Cuanto más marchamos todos juntos por la senda constitucional
del siglo XXI, más nos adentramos en el irredento siglo XIX.
Los problemas de Cataluña y de las Vascongadas son recuelos
recurrentes de problemas irredentos del siglo XIX. Donde hay
un problema de separatismo hoy en día hubo en el siglo XIX
unos tíos con una boina colorada y una barba a lo
Zumalacárregui, que, bien comulgadicos y bien confesadicos,
como decía Rafael García Serrano, le aventaban cuatro tiros a
todo liberal que no gritara «Dios, Patria, Fueros y Rey».

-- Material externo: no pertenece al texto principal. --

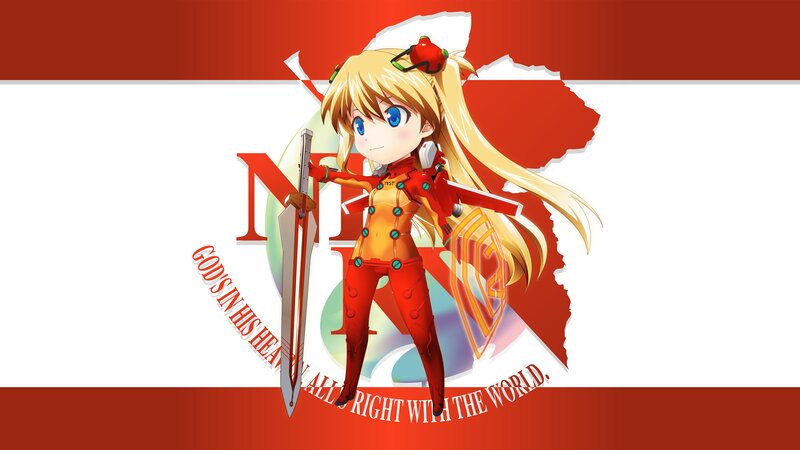Chibi Anime Girl — Red, Determined, Sword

Los legitimistas a la violeta han aplicado el actual sunami
del igualitarismo a algo tan decimonónico como el debate de la
sucesión al Trono. De milagro se ha salvado Benedicto XVI,
porque a estos legitimistas, a estos fundamentalistas de la
democracia, a estos talibanes del igualitarismo, no se les ha
ocurrido decir que hubiera sido mucho más democrático que al
Papa lo eligiesen las comunidades cristianas de base en vez
del colegio cardenalicio. En el fondo, la polémica gratuita,
tonta y peligrosa sobre el futuro del Trono es tan absurda
como el debate sobre el pretendido integrismo de Benedicto XVI.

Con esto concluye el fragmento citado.